Relative-belief inference in quantum information theory

TL;DR

This paper introduces a Bayesian relative belief framework for evaluating hypotheses in quantum systems, demonstrating its effectiveness in quantum state reconstruction and model certification using real experimental data.

Contribution

It develops a Bayesian relative belief approach for quantum hypothesis testing, model dimension certification, and state reconstruction, with practical applications to photon source quality assessment.

Findings

The method reliably tracks multiphoton emissions with lossy detectors.

It selects Hilbert space dimensions consistent with information criteria.

The approach can certify models and estimate quantum system dimensions.

Abstract

We introduce the framework of Bayesian relative belief that directly evaluates whether or not the experimental data at hand supports a given hypothesis regarding a quantum system by directly comparing the prior and posterior probabilities for the hypothesis. In model-dimension certification tasks, we show that the relative belief procedure typically chooses Hilbert spaces that are never smaller in dimension than those selected from optimizing a broad class of information criteria, including Akaike's criterion. As a concrete and focused exposition of this powerful evidence-based technique, we apply the relative belief procedure to an important application: state reconstruction of imperfect quantum sources.

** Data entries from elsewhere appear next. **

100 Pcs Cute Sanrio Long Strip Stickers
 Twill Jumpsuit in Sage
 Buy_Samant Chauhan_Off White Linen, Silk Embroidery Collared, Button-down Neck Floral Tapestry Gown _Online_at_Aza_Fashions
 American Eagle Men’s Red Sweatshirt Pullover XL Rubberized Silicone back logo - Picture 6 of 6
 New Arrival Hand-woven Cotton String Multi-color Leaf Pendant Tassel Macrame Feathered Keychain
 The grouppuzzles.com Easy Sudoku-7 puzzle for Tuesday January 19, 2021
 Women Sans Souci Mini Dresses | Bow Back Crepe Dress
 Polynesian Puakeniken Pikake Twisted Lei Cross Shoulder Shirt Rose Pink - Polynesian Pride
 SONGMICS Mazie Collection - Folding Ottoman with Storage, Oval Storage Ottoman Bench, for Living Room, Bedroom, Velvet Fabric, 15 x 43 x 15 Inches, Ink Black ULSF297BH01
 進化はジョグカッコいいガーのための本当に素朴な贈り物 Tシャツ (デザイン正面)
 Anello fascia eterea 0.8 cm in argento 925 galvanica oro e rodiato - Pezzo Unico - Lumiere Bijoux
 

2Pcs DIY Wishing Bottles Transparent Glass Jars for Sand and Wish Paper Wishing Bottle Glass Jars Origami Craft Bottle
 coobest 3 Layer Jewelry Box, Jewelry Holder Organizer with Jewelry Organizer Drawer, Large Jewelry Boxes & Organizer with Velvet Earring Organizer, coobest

In particular, just by comparing prior and posterior probabilities based on data, we demonstrate its capability of tracking multiphoton emissions using (realistically lossy) single-photon detectors in order to assess the actual quality of photon sources without making ad hoc assumptions, thereby reliably safeguarding source integrity for general quantum-information and communication tasks with Bayesian reasoning. Finally, we discuss how relative belief can be exploited to carry out parametric model certification and estimate the total dimension of the quantum state for the combined (measured) physical and interacting external systems described by the Tavis--Cummings model.